*Supplied material*

^^^^^^^^^^^^^^^^

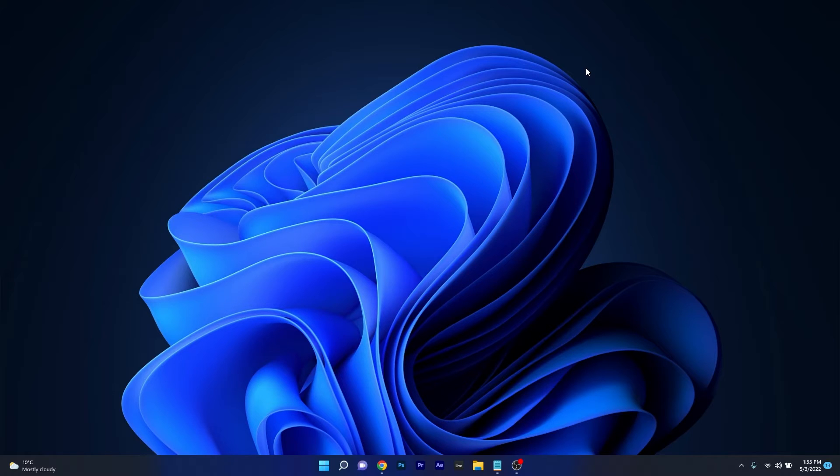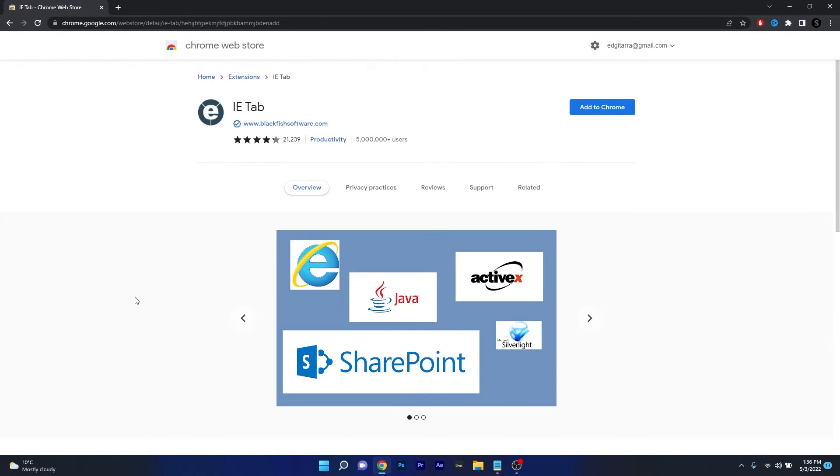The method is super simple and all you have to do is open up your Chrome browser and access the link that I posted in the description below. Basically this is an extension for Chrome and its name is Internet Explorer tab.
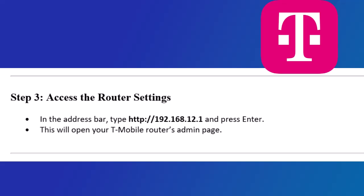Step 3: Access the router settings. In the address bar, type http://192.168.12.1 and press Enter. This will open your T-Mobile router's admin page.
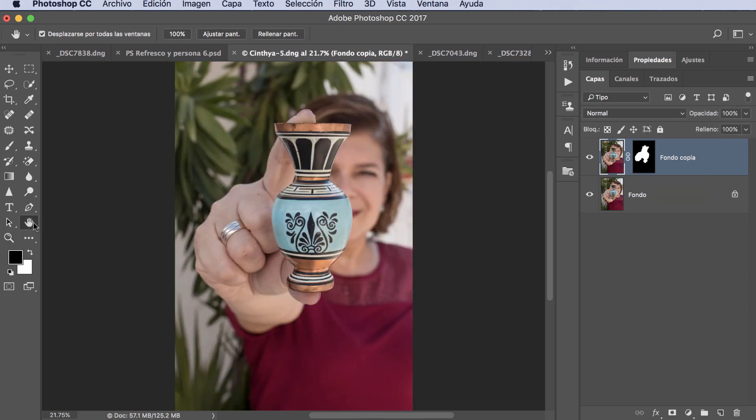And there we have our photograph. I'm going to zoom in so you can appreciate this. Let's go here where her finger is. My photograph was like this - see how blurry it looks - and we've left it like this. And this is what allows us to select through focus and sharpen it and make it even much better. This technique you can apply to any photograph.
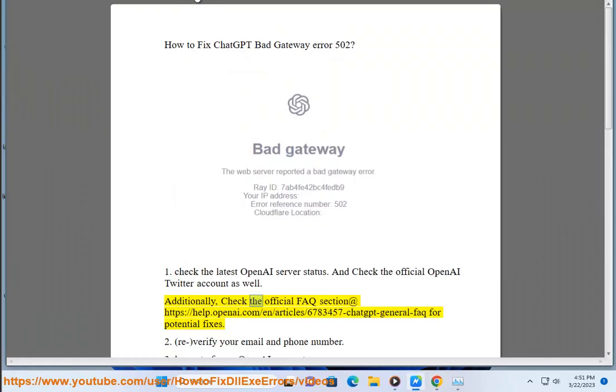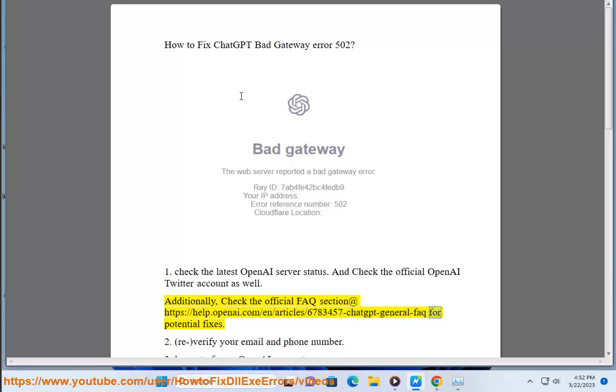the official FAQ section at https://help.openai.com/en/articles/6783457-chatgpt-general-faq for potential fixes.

^^^^^^^^^^^^^^^^

*Your objective*
Every line of the listing is to be retyped exactly; pictures stay out.

*Reply*
The method is super simple and all you have to do is open up your Chrome browser and access the link that I posted in the description below. Basically this is an extension for Chrome and its name is Internet Explorer tab.
Step 3: Access the router settings. In the address bar, type http://192.168.12.1 and press Enter. This will open your T-Mobile router's admin page.
And there we have our photograph. I'm going to zoom in so you can appreciate this. Let's go here where her finger is. My photograph was like this - see how blurry it looks - and we've left it like this. And this is what allows us to select through focus and sharpen it and make it even much better. This technique you can apply to any photograph.
the official FAQ section at https://help.openai.com/en/articles/6783457-chatgpt-general-faq for potential fixes.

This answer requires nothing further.